Here is the task for the listing below: output exactly the lines from the one containing "Liquid Elux Legend" through the one containing "小型ユニック車!3t積載!ラジコン付4段ブーム!整備済!H21 三菱", and leave out the pictures.

==== Provided entries

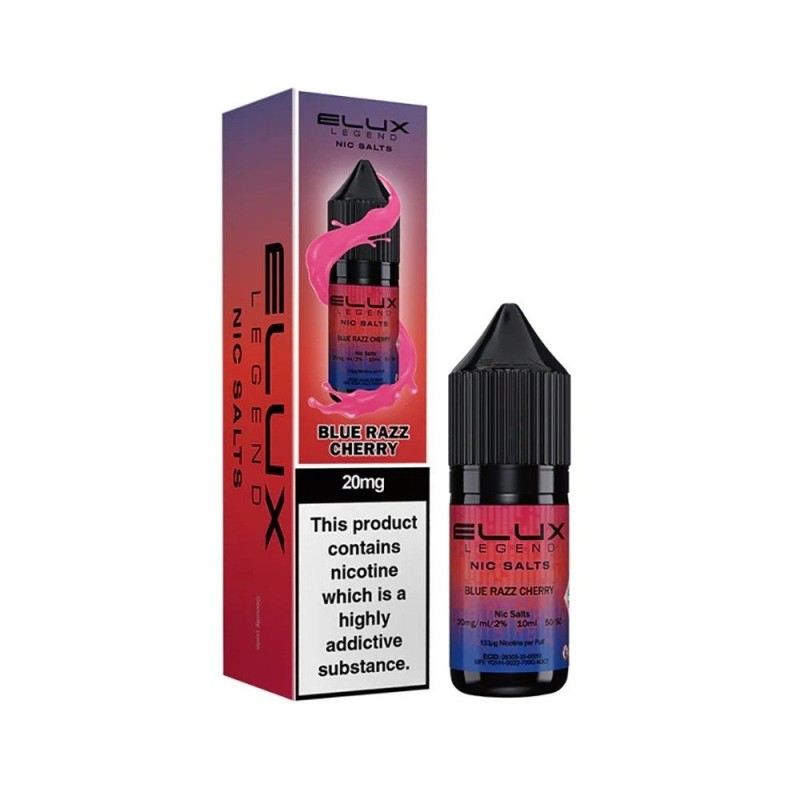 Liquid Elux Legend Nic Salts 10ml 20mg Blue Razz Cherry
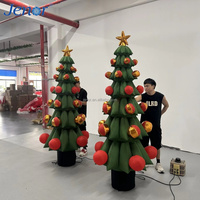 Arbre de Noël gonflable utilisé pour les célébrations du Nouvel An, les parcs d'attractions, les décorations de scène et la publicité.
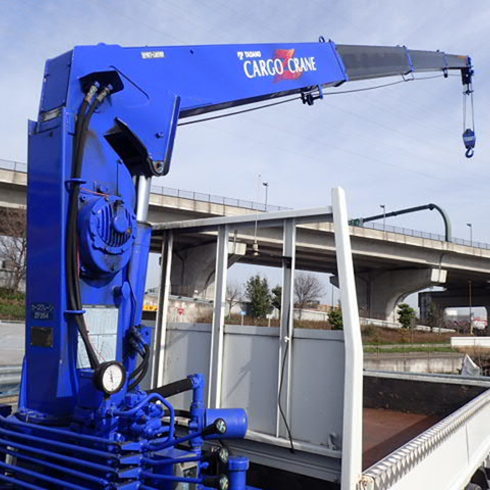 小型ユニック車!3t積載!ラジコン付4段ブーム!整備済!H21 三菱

========
==== Provided entries

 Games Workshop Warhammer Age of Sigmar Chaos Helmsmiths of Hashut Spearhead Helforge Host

========

Solved problem:
 Liquid Elux Legend Nic Salts 10ml 20mg Blue Razz Cherry
 Arbre de Noël gonflable utilisé pour les célébrations du Nouvel An, les parcs d'attractions, les décorations de scène et la publicité.
 小型ユニック車!3t積載!ラジコン付4段ブーム!整備済!H21 三菱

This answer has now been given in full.